Keep every word of the entries and print them exactly; the pictures stay out.

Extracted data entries
══════

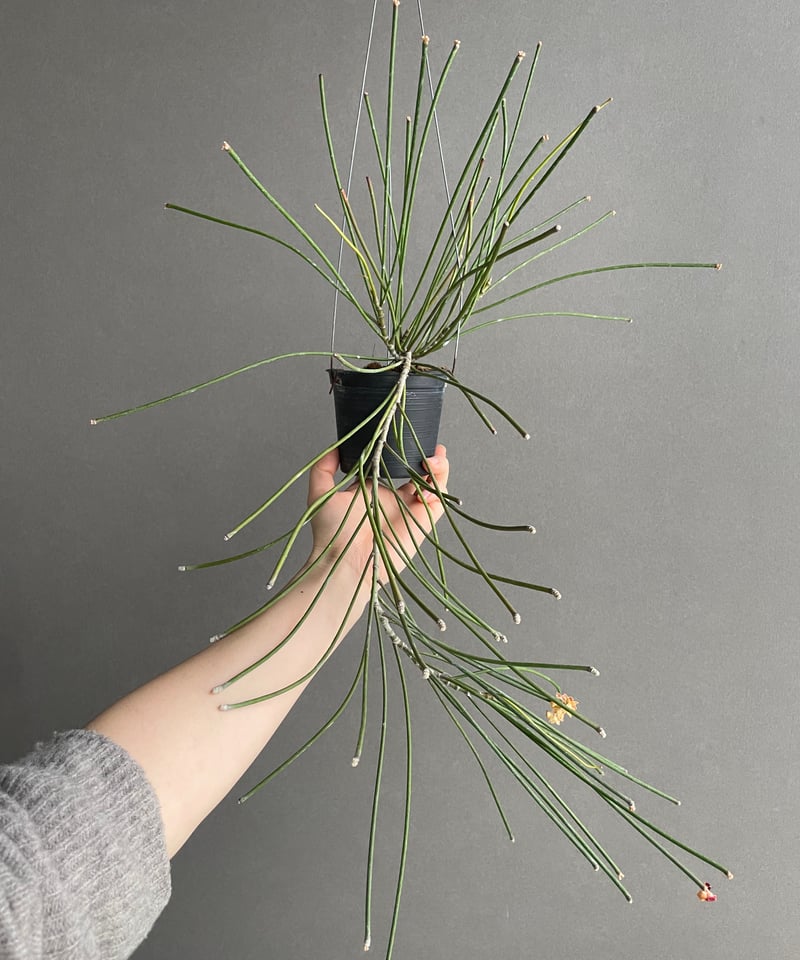 ホヤ スパルティオイデス ビッグ フラワー 「Hoya spartioides Big Flo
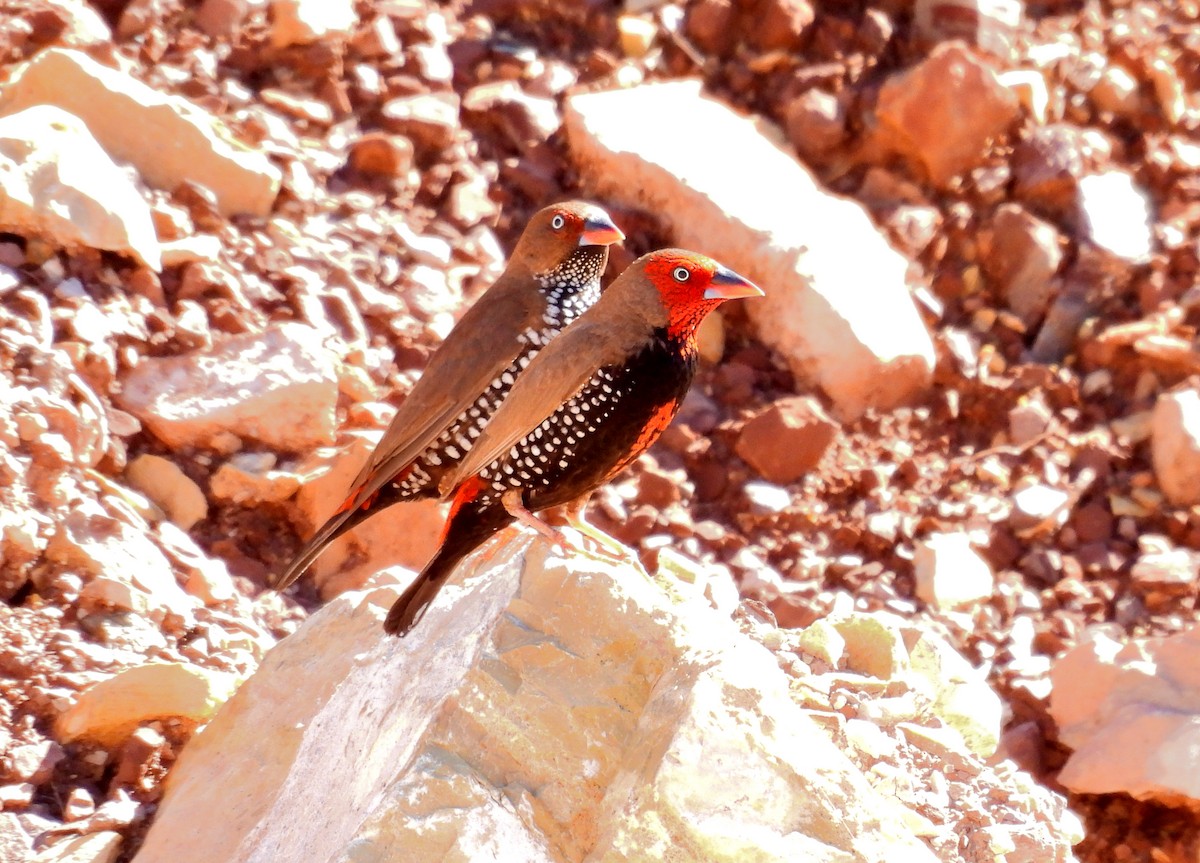 Painted Firetail - ML616611015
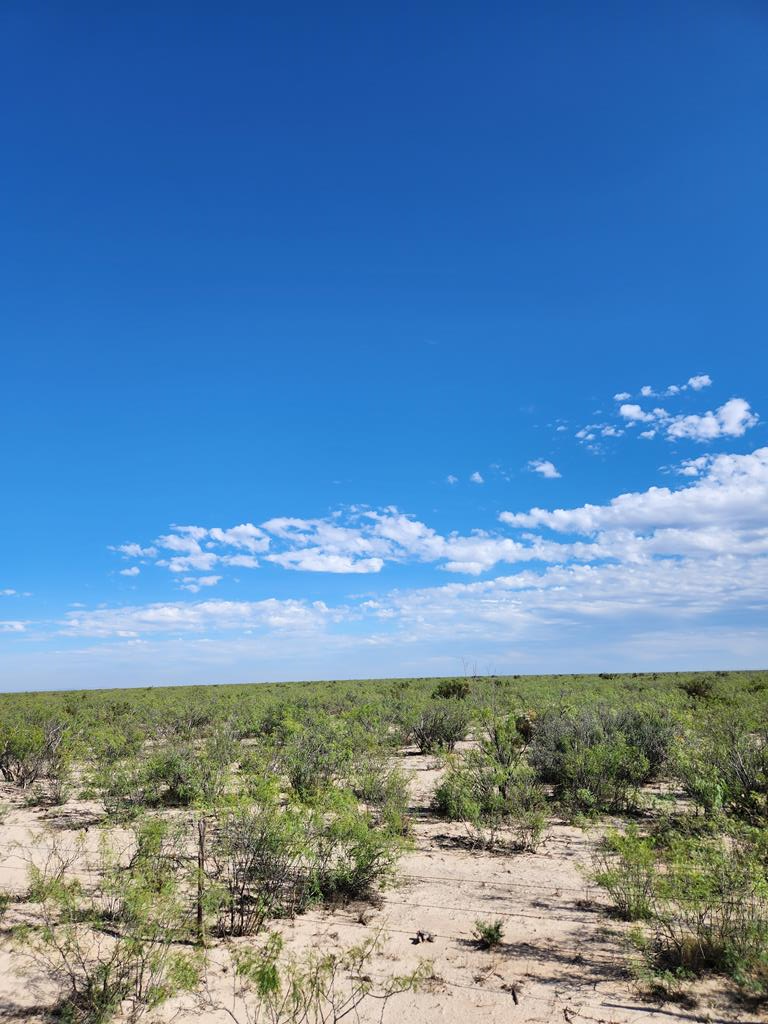 Property Photo: Tbd 7 Mile Rd TX 79743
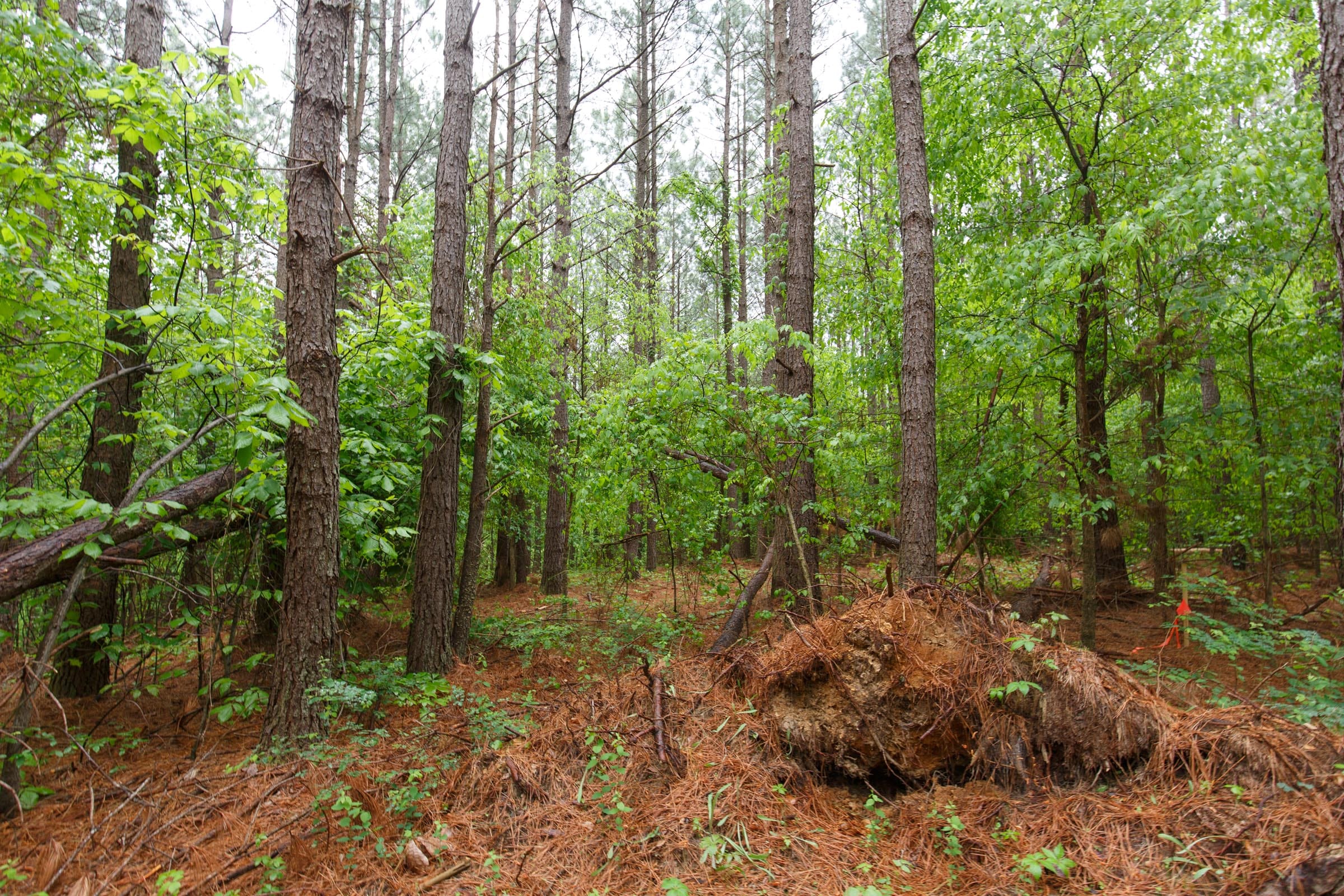 Red Barn Ranch Tract 38 photo 17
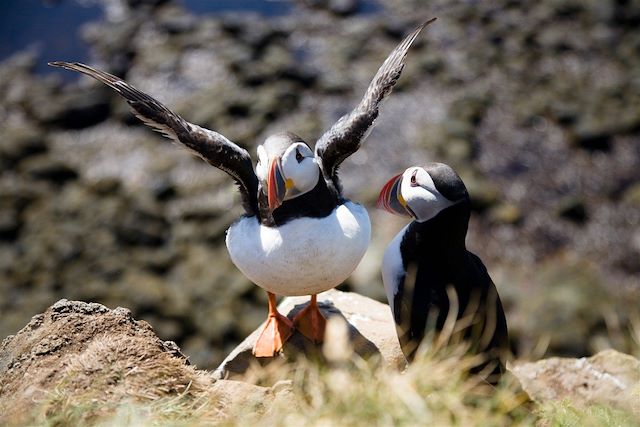 Autotour Islande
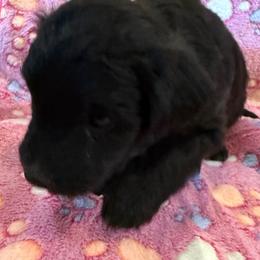 Girl 1 - Black female Bordoodle puppy in Churchill County Fallon, Nevada from Card Family Ranch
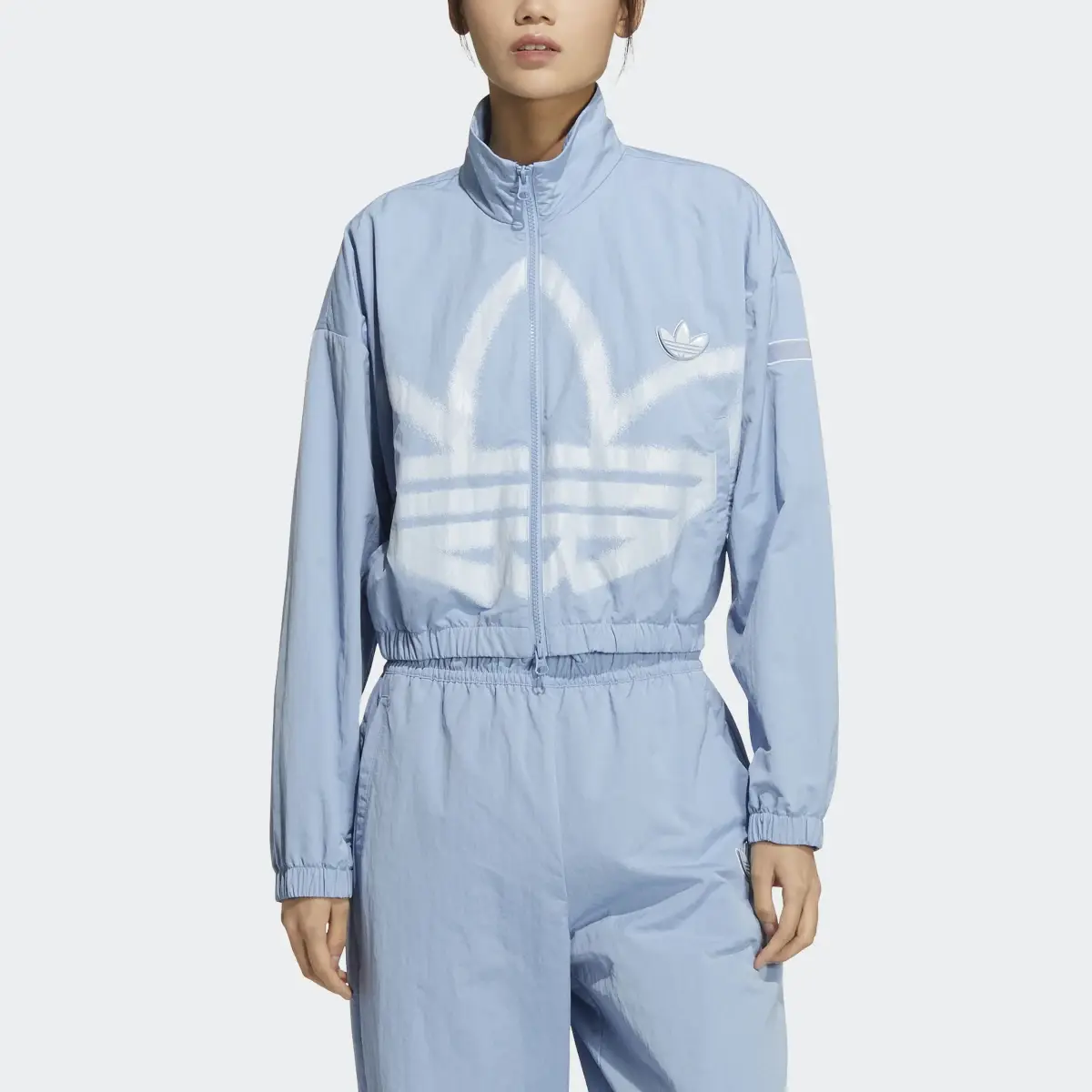 Adidas Adicolor Track Jacket. 1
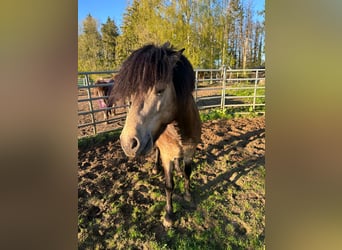Icelandic Horse, Stallion, 5 years, 13.3 hh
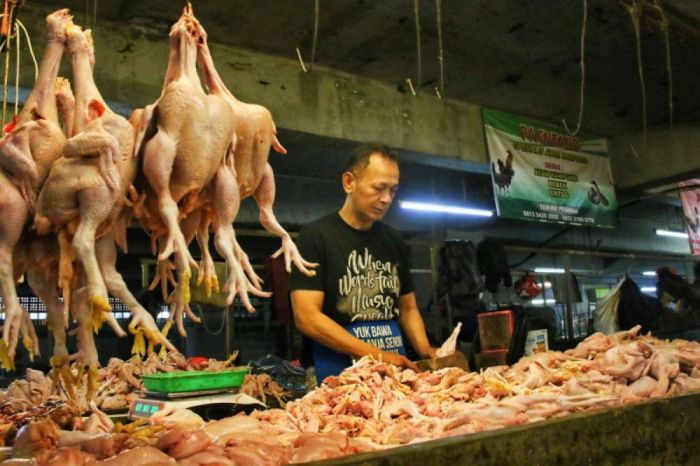 Harga Ayam Merah Hari ini di Borobudur Magelang | Jual Ayam Afkir ... Ayam afkir di Rongga, Bandung Barat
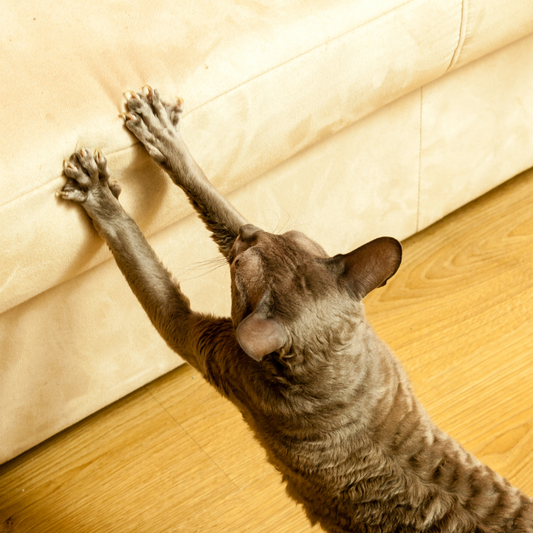 Cat Scratching Furniture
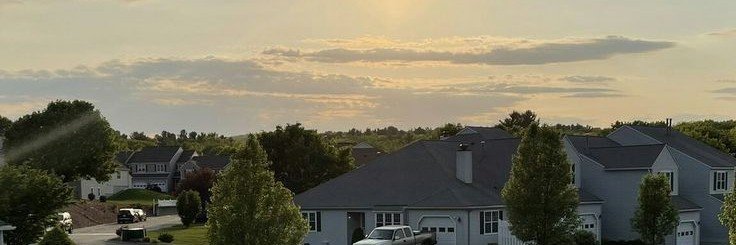 Lisa's banner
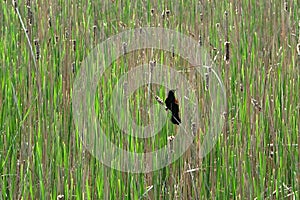 Red-winged Blackbird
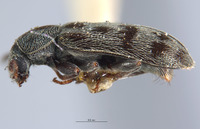 Listrus medicatus image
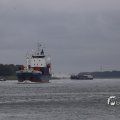 IMG_1466545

══════

# [Result of the task]
 ホヤ スパルティオイデス ビッグ フラワー 「Hoya spartioides Big Flo
 Painted Firetail - ML616611015
 Property Photo: Tbd 7 Mile Rd TX 79743
 Red Barn Ranch Tract 38 photo 17
 Autotour Islande
 Girl 1 - Black female Bordoodle puppy in Churchill County Fallon, Nevada from Card Family Ranch
 Adidas Adicolor Track Jacket. 1
Icelandic Horse, Stallion, 5 years, 13.3 hh
 Harga Ayam Merah Hari ini di Borobudur Magelang | Jual Ayam Afkir ... Ayam afkir di Rongga, Bandung Barat
 Cat Scratching Furniture
 Lisa's banner
 Red-winged Blackbird
 Listrus medicatus image
 IMG_1466545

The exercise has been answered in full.